- CD cover

Studio album by The Chipmunks
- Released: November 4, 2008
- Recorded: 2008
- Genre: Pop, rock, hip hop, reggae, Christmas
- Length: 45:42
- Label: Chipmunk
- Producer: Ross Bagdasarian, Janice Karman, Ali Dee Theodore

The Chipmunks chronology
| Christmas with The Chipmunks (2008 reissue) (2008) | Undeniable (2008) | Alvin and the Chipmunks: The Squeakquel: Original Motion Picture Soundtrack (2009) |

= Undeniable (Chipmunks album) =

Undeniable is a 2008 album by The Chipmunks. Its release was connected to the version of the Alvin and the Chipmunks franchise from Alvin and the Chipmunks, but contains no music from the film. It was released on November 4, 2008, as the follow-up to the Alvin and the Chipmunks: Original Motion Picture Soundtrack. and to commemorate the 50th anniversary of The Chipmunks as a franchise.

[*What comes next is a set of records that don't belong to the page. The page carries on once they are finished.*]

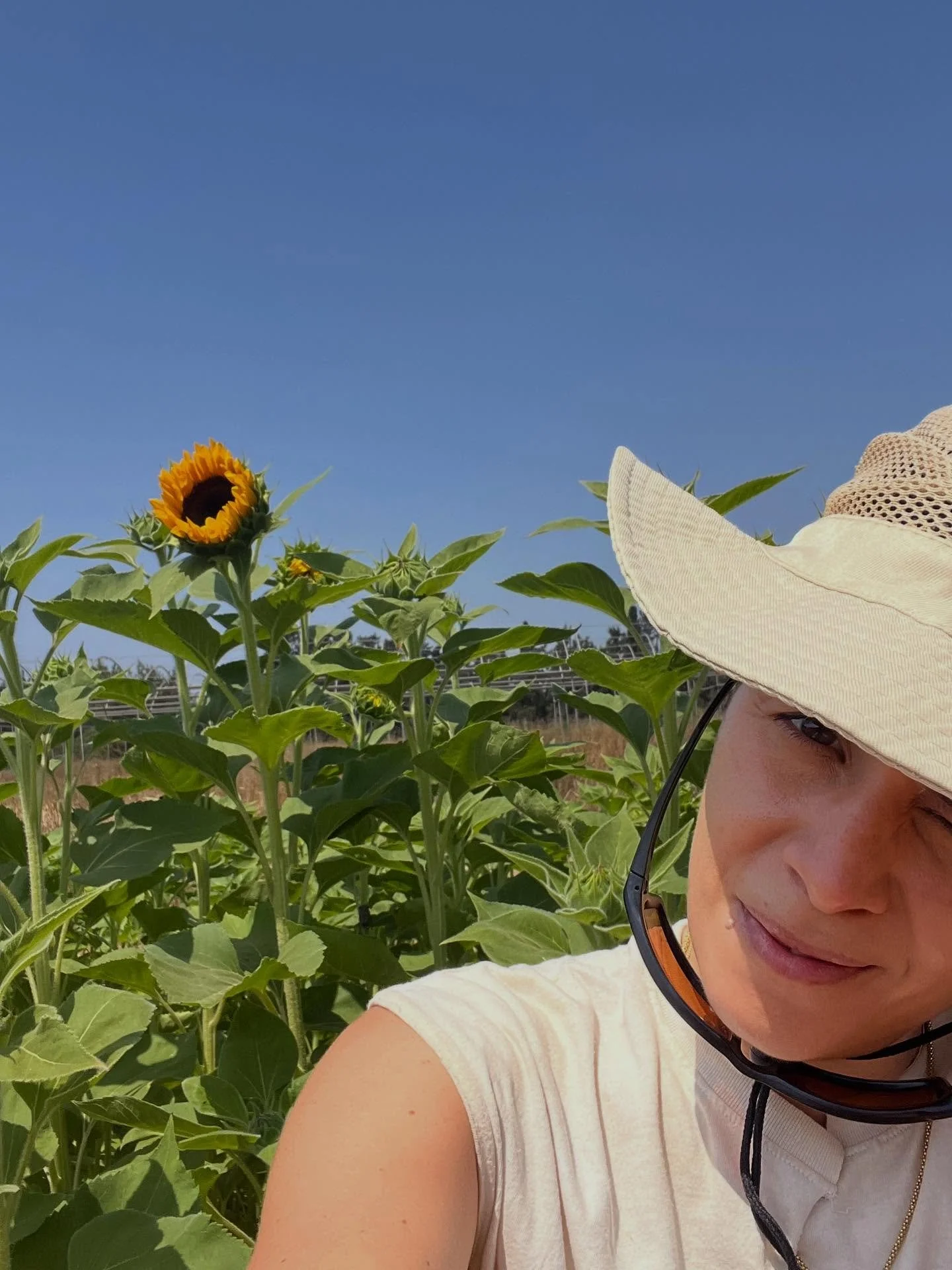 Monday mornings 🌻 ☀️ 
#sunflower #locallygrown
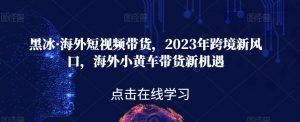 黑冰·海外短视频带货，2023年跨境新风口，海外小黄车带货新机遇-520资源库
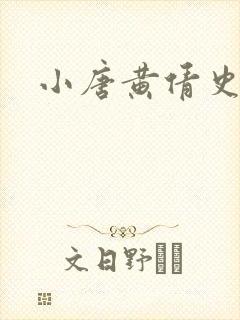 小唐黄倩史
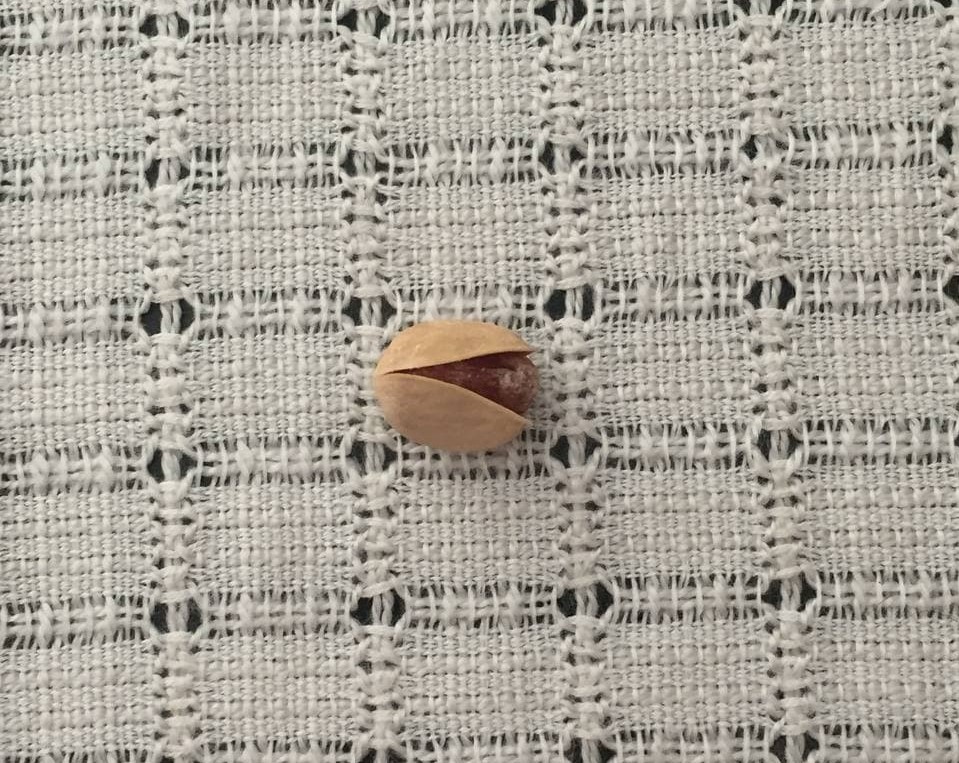 Shelled Macedonian pistachio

The album features remakes to some of their old hits as well as some new covers, such as the theme song to the 1980s television series of the same name.

== Track listing ==
1. "We're the Chipmunks" (DeeTown Remix)* (Janice Karman, Chris Caswell, Jason Honingford, Ali Dee Theodore)
2. "Shake Your Groove Thing" feat. Drew Seeley (Peaches & Herb) (Dino Fekaris, Freddie Perren)
3. "Livin' on a Prayer" (Bon Jovi) (Jon Bon Jovi, Richie Sambora, Desmond Child)
4. "Three Little Birds" (Bob Marley) (Bob Marley)
5. "Thank You"* (Ali Dee Theodore, Sarai Howard, Zach Danziger, Ross Bagdasarian Jr., Jason Bonham, Luis Resto)
6. "All the Small Things" (Blink-182) (Mark Hoppus, Tom DeLonge, Travis Barker)
7. "Acceptance"* (Ali Dee Theodore, Sarai Howard, Zach Danziger, Ross Bagdasarian Jr., Chris Classic)
8. "Don't Stop Believin'" (Journey) (Jonathan Cain, Steve Perry, Neal Schon)
9. "Ho Ho Ho"* (Janice Karman)
10. "Rock and Roll" (Led Zeppelin) (Jimmy Page, Robert Plant, John Paul Jones, John Bonham)
11. "Home" (Daughtry) (Chris Daughtry)
12. "Undeniable"* (Ali Dee Theodore, Sarai Howard, Zach Danziger, Ross Bagdasarian Jr.)
13. "We're the Chipmunks"* (Janice Karman, Chris Caswell)
14. "Time Warp" (The Rocky Horror Show) (Richard O'Brien, Richard Hartley)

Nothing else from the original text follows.